Public Health and the Health System

Public Health and the Health System

Introduction

Health systems are generally assessed in terms of the degree of achievement of their objectives. These objectives comprise mainly health maximization, efficiency and equity. However, the particular characteristics of the health care market, as discussed in the previous chapter, separate health and health care from other goods and services.

The health care market forces determine the allocation of health care resources. No one has a right to health care unless it has been acquired through the market. Therefore, attempts at redistributing resources should be considered an injustice.

Thesis Statement

Equity can be evaluated by considering the distribution of the benefits and costs in the health care system. This requires the clarification of simple, but equally fundamental questions as to who gets the health gain and who pays for public health? While the former question relates to the provision of health services, the latter is concerned with the financing of them in a country. These questions, in turn, can be answered basing on certain policy preferences generally induced by the political views, social values and cultural traditions in a society. There are varying approaches to the problem of justice which may help us clarify the way we understand equity. These approaches can be classified under Libertarian and Egalitarian view.

Equity in Health Services

Defining Equity in Health Services

The Libertarians focus on the willingness and ability to pay of the individuals who are interested to increases the quality of health care system, that would ultimately result in the rationalization of health care.

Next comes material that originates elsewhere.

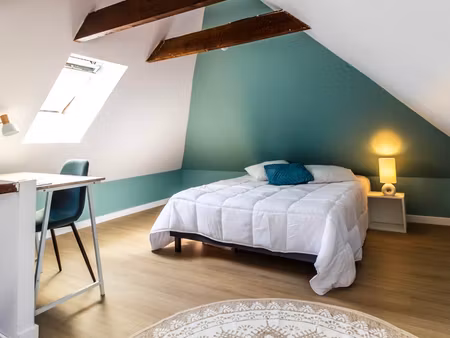 charmante chambre en colocation disponible dès maintenant !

Libertarian view emphasizes the role of private sector in health care and restricts the role of government in providing minimum standard of care to the poor. Hence, their criteria for equity is defined as the extent to which people are free to use the health care that they wish to use. Hence, individual preferences are important in utilization of health care decisions (Donaldson and Gerard, 1994). The Libertarian approach includes the entitlement, the decent minimum, the utilitarian and the Rawlsian maximin.

The entitlement approach, as originally argued by Robert Nozick, a libertarian philosopher involves a rejection of equality. He suggested that individuals are entitled to their true earnings or inheritance.

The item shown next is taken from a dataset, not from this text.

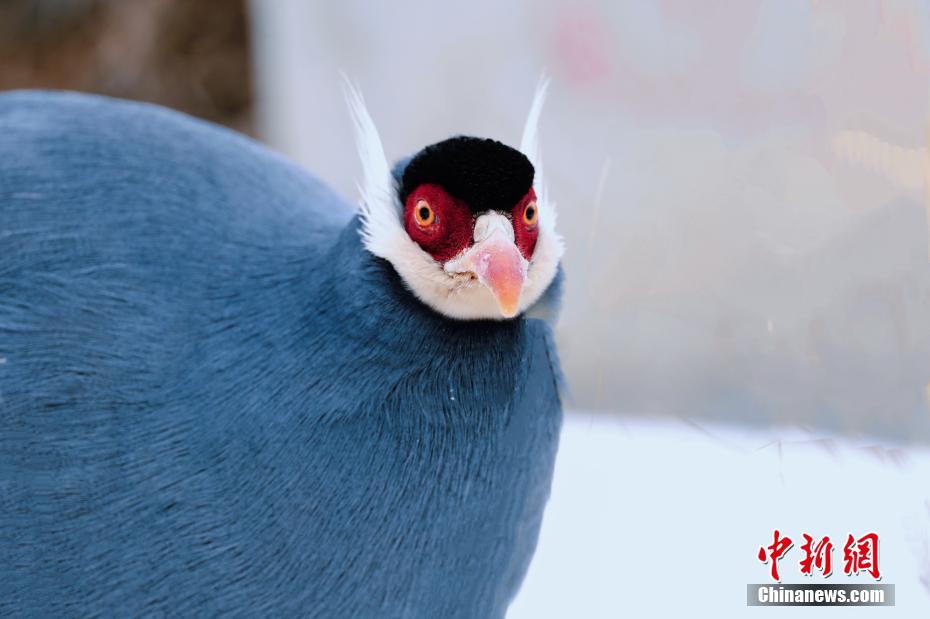 アオミミキジを?qū)幭膜钨R蘭山で観測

Measuring Equity in Finance and Provision of Health Services

There are mainly two dimensions, horizontal and vertical, in measuring equity in the provision and financing of health services. Horizontal equity implies equal treatment of equals, in other words, an equalization of risks and burdens. Vertical equity indicates unequal treatment for unequals, in other words, a progressivity (Donaldson and Gerard, 1994).

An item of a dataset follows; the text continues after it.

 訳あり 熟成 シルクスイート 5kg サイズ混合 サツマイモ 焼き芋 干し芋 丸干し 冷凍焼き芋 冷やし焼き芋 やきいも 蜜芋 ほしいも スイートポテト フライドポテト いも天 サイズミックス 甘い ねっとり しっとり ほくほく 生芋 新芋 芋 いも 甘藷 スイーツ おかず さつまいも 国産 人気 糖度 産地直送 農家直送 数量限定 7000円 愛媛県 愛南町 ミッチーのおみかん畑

As to the assessment of equity in provision of the health services, indicators of horizontal equity are more applicable (Wagstaff and Van Doorslaer, 1993). An equitable distribution of benefits in health care requires equal treatment for equal need, irrespective of differences in ability to pay. This is referred to as horizontal equity as generally applied to the measurement of health care provision (Donaldson and Gerard, 1994). This requires equalization of specific parameters, ...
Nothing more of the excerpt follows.